Impressive and quick thinking action on the part of the freshman, the sort of bystander behavior that should be celebrated as heroic and a model to emulate, right? And I’m pretty sure that’s how it would have gotten talked about if she had been a man.
Now turn to the actual article. It does pretty well for most of the first two pages, recounting what happens and giving voice to the heroic freshman. Then you hit this quote from the university police:
“Her actions contributed greatly to minimize the threat that was posed by this individual,” Barber said. “Individuals who provide assistance of this nature certainly need to bear in mind the potential dangers that they face when engaging in that activity.”
Well, yes, helping somebody out always has risks, but the freshman was in her car and had her wits about her, so I’m not sure how high the risks really were. More importantly, is that what you would have said if the freshman was a man, Mr. Barber?
Then you hit page three of the article, which is all about how women should know better than to drink or talk to strange men, and blaming a culture that encourages women to drink too much. Really, if you had to take the article to a blaming place, how about blaming the four other people who were on the street when the freshman noticed the woman needed help, and did nothing? How about asking what the patrons of the bar could have done differently to intervene when the woman appeared too drunk to make it home safely by herself? How about blaming the attacker and the culture that says it is ok for him to take advantage of someone’s drunkenness to rape them, a culture this article encourages by putting all the blame on her?

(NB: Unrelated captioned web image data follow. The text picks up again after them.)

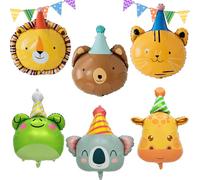 AUNGKWANG 6 Piezas Globos Animales, Safari Animales Globos, XXL Foil Globo, Animales del Bosque Jirafa León Globos, para Niños Cumpleaños Fiesta, Zoológico Fiesta Boda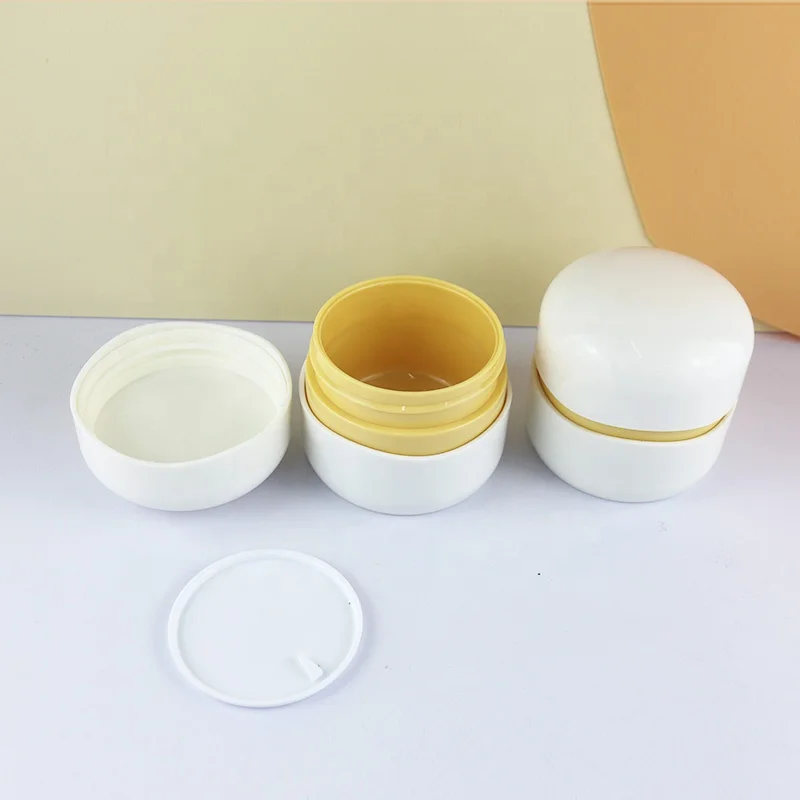 cosmetic Round Pill Capsule Shape Essence sleeping mask mudpack 50G 100g Cream Jar PET PS ABS Double wall Set wide mouth Bottle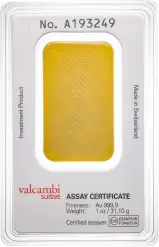 1 oz Wafer Gold Bullion Bar Credit Suisse Pre-Owned Reverse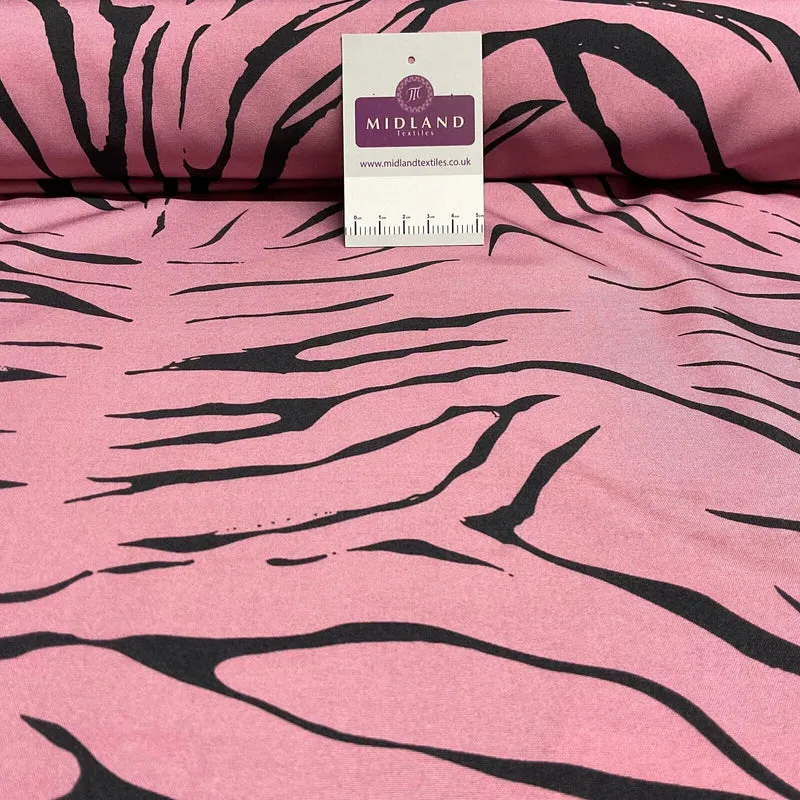 Zebra Animal Print Peach Crepe Dress Fabric M1942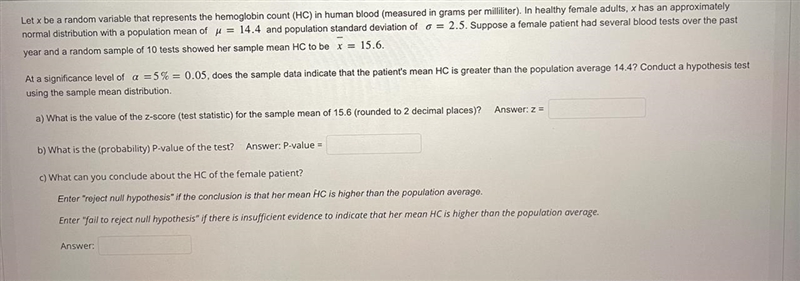 Let x be a random variable that represents the hemoglobin count (HC) in human blood-example-1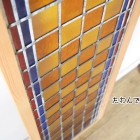 鮮やかな色彩と端正な幾何学模様が美しい大型ステンドグラス【sg194】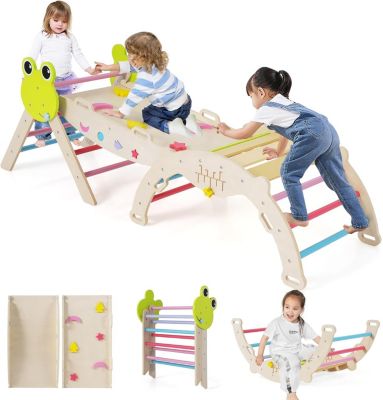 7 en 1 Triangle Escalade Montesorri,Rampe,Corde Échelle,Pont,Aire de Jeux Intérieur,Multicolore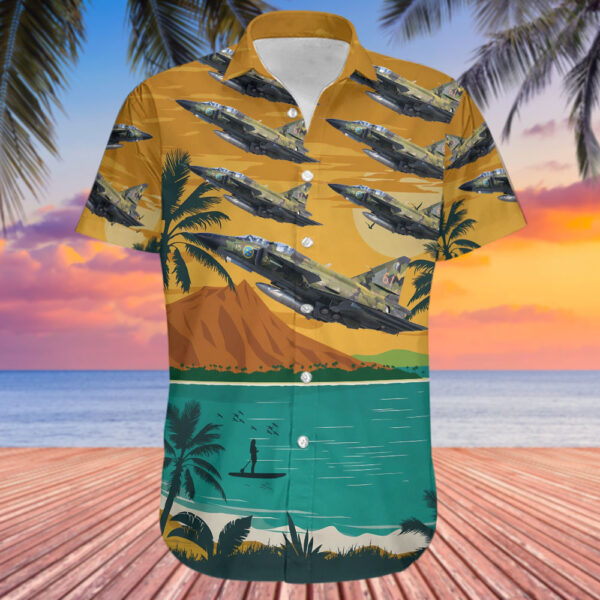 Saab Sk37E Viggen Swedish Air Force Historic Flight Hawaiian Shirt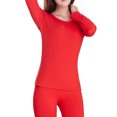 thumbnail image 2 of Women Solid Color High Elasticity Long Sleeve Thermal Underwear Top Pants Set, 2 of 8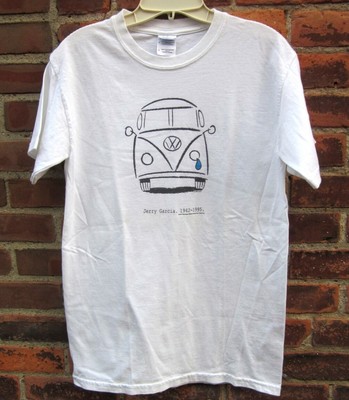 JERRY GARCIA tribute 1942-1995 Volkswagen T shirt VW Bus small tee  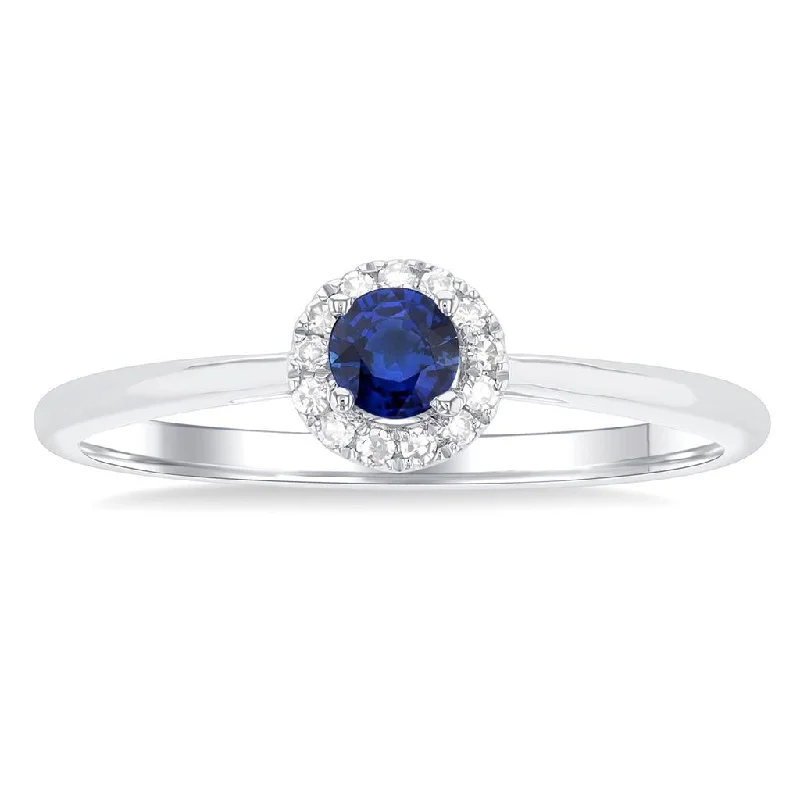 women’s rings with emeralds, sapphires, and diamonds-10K White Gold Sapphire And Diamond Halo Ring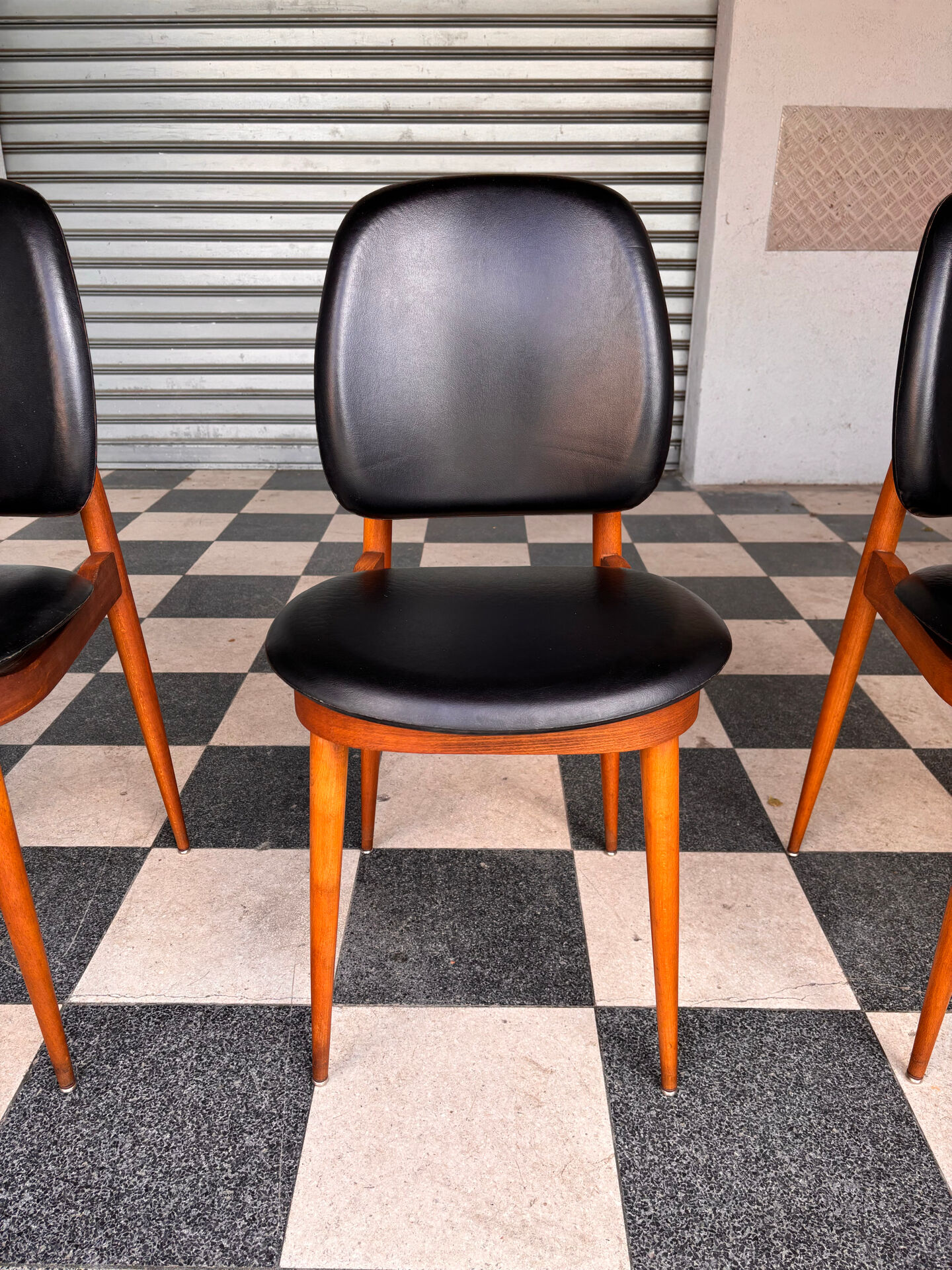 Set of 10 Pegase Baumann chairs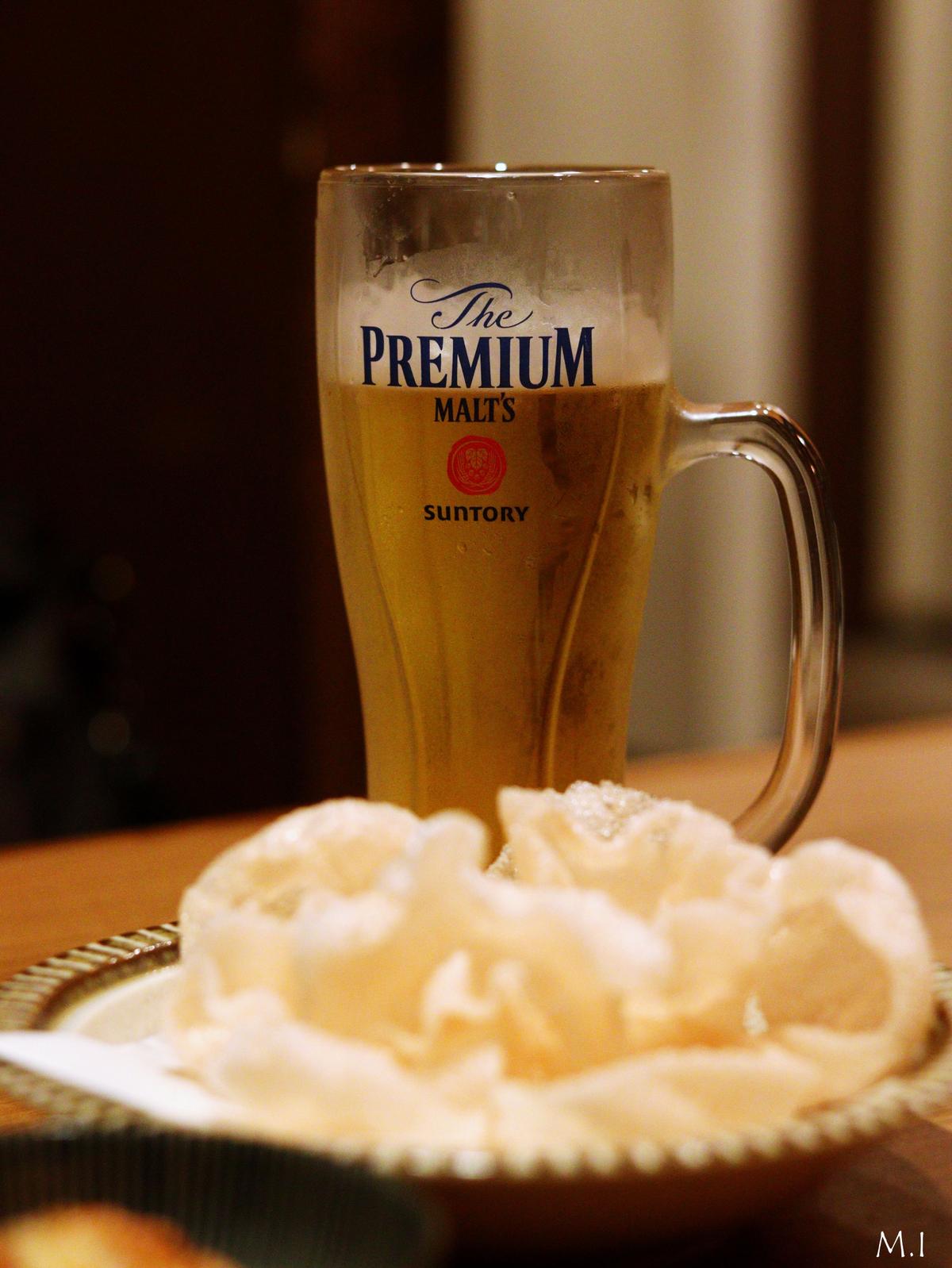 生ビールと揚げえびせん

Or how about staying in a place that focuses on women’s strength. Acknowledge the power and strength of the woman who was initially attacked, but who, despite her trauma and her inebriation, succeeded in fending the attacker off, getting out of his car, and making it to a place public enough that people were around who could help her. Acknowledge how awesome the freshman rescuer is – her willingness to risk her own safety to help another, her knowledge of the importance of getting the woman to a hospital, her thoughtful and well-phrased attempts to control the narrative of the event against our cultural narratives of victim-blaming, her commitment to doing the right thing as a bystander. Talk about how other women (and men) could step up to help when they see sexual violence or potential sexual violence happening in front of them. Remember that women are often the knight in shining armor who comes to someone else’s rescue, and celebrate their heroics the same way you would a man’s.